During my recent trip to the USA, I came across two examples of existing technology being used to facilitate shopping (duty free) and eating whilst at the airport (F&B).

At Miami Airport, Duty Free Americas or in short, DFA, has made available some unmanned kiosks allowing consumers to order from a number of categories through their ‘DFA Express’ service. This allows you as a consumer to purchase the product and have it available for collection as you embark on your flight. Note that this is common practice in the USA whereby your duty free shopping, on liquor for example, will only be collected at the departure gate.

dfa-express-machine dfa-express-banner

However, I was more impressed by the technology offering on the Food & Beverage (F&B) at Newark Airport, on my way back home to Scotland.

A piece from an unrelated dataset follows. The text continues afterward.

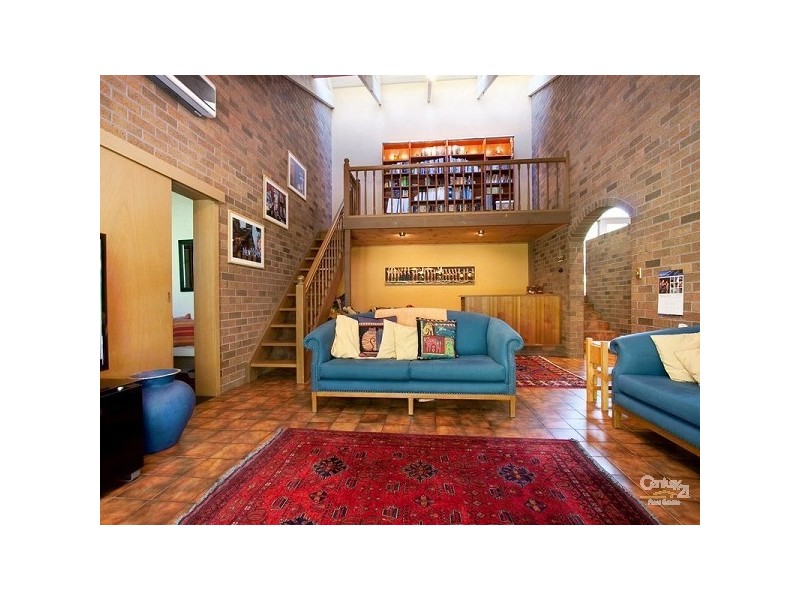 8 Meribil Close, Mount Eliza VIC 3930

There, all of the various outlets managed by the company OTG, had individual iPads for every single user visiting their outlets. Based on their website, their aim is to reinvent the airport experience as per the following extract.

Our reimagined terminals are the perfect gateways to the cities and regions they serve, integrating here-and-now technology and iconic design with locally sourced dining and market options that create
a sense of place you can actually see, feel, and taste. Because for us, the journey is the destination.

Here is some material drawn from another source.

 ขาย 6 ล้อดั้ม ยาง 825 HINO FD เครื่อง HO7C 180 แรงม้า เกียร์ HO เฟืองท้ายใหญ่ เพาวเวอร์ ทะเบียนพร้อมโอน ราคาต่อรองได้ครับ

This allowed consumers to use the iPads to browse the options on offer, make their order and complete the payment process either via credit card or airline miles. On top of it, they also offer games, internet browsing, other shopping opportunities, the ability to track your flight, read the news, check for touristic opportunities in New York (such as the helicopter ride), etc.

otg-oeno-main-menu otg-oeno-menu

otg-oeno-payment otg-oeno-sam-adams

I was left very impressed by this use of the iPad compared to back home in the UK, and obviously checked that the internet browser worked whilst I was waiting for my order to be ready by having a look at the Inside the Cask website….


  • Very interesting. So passengers have the opportunity to shop as well as to check prices online, on the same device, provided by the retailer. If successful it rather flys (every pun intended) in the face of the argument that if customers have access to online pricing it may discourage sales. I wonder how long these have been in use?